Total asset pledged to divest from fossil fuel hit $11tr milestone
The global movement to divest from fossil fuel companies and invest in climate solutions announces a major milestone on Monday September 9, 2019, as the total assets pledged to divestment crossed Eleven Trillion Dollars (US). Campaigners marked this milestone with the release of a new report, ‘$11T and counting: new goals for a fossil-free world.’ The rapidly accelerating pace of divestment commitments is striking: while it took two years to shift the first USD 2 trillion, the most recent USD 2 trillion has taken just under 6 months.
The release of the report coincides with the start of Financing the Future, a global divest-invest summit being held in Cape Town on 10th and 11th September 2019. With over 300 delegates from 44 countries in attendance, the conference is designed to build power among divest-invest advocates on every continent, working to accelerate the flow of capital out of the fossil fuel industry, and into a 100% renewable energy future, with a particular focus on ensuring energy access for the 850 million people globally who lack access to electricity.
The summit’s location in Cape Town, a hotbed of divestment campaigning during the apartheid era, underscores the parallels between the movement for climate justice and ongoing campaigns for social, racial and gender justice. While drawing strength from the success of the people-powered movement for divestment, summit organizers were quick to condemn the recent spate of xenophobic and gender-based violence in South Africa, and emphasise the need for thoughtful leadership in the fight for justice.
“The struggle for climate justice is a struggle for fundamental human rights. Every person facing deeper levels of drought, stronger hurricanes or conflict has been wronged by these fossil fuel companies. Their rights to health, water, food, housing, and even life have been harmed, which is why Amnesty International has decided to divest from fossil fuel companies. This ensures that human rights and working towards clean renewable energy for all is at the forefront of the climate justice conversation,” said Kumi Naidoo, Secretary General of Amnesty International, speaking at the conference launch.
A key sector of the divest-invest movement, and of the summit, is the longstanding and continuing leadership of faith communities. Today, 22 more faith institutions announce their divestment from fossil fuels, joining the global total of 170+ faith-based organizations that have stepped away from dirty energy.

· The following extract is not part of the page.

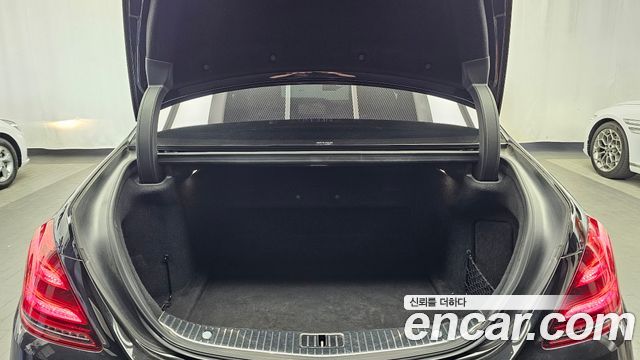 Mercedes-Benz S-Class 2019 — photo 20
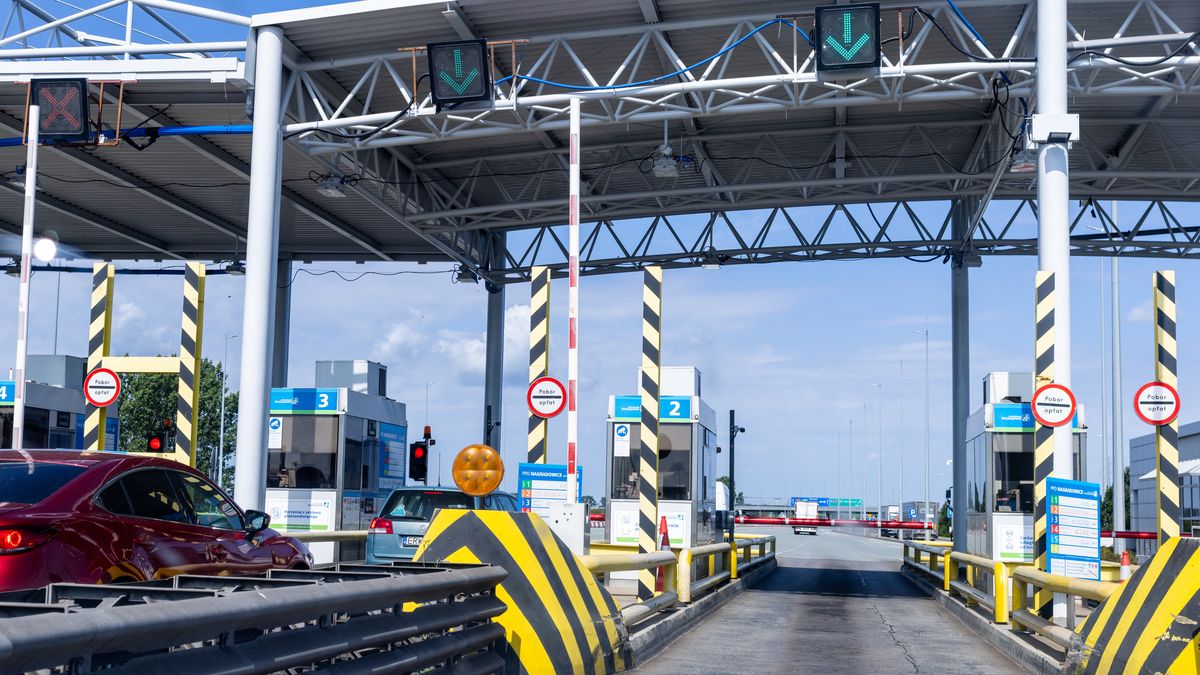 Toll station on the A2 motorway . This is the Polish motorway known as Autostrada Wolnosci which is part of the international E30 road. It continues the German A12 motorway from Berlin to Poland, in Nagradowice, Poland, 05 July 2024.



 (Photo by Andrzej Iwanczuk/NurPhoto via Getty Images)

“Millions of people are confronting the rising hunger, sickness, and conflict that comes with a warming world, and faith institutions are responding with the clarity this crisis demands. We’re divesting from fossil fuels, proving that greed will never triumph over love,” said Tomás Insua, Executive Director of the Global Catholic Climate Movement.
While mission-based investors such as faith groups, foundations, schools and health care organizations continue to lead in terms of net commitments to divest-invest, the bulk of assets pledged now comes from institutional investors like global asset managers, sovereign wealth funds, insurance companies, and public pension funds. Divestment, once strictly a moral call to action, is now also seen as the only prudent financial response to climate risk: The fossil fuel industry has been lagging the market for over a decade now, finishing dead last in the S&P rankings in 2018. The sector is underperforming, volatile, and exposed to multiple transition risks, presenting a decidedly poor bet for investors.
“Institutional investors literally have the power to make or break the future. Money lies behind every decision to expand or contract the fossil fuel industry, to slow or accelerate the clean energy transition,” said Clara Vondrich, Director of Divest Invest, organising partner for Financing the Future. “There is no more time for shareholder engagement with the fossil fuel industry that is digging and burning us past climate tipping points of no return. It’s time to divest. What side of history are you on?”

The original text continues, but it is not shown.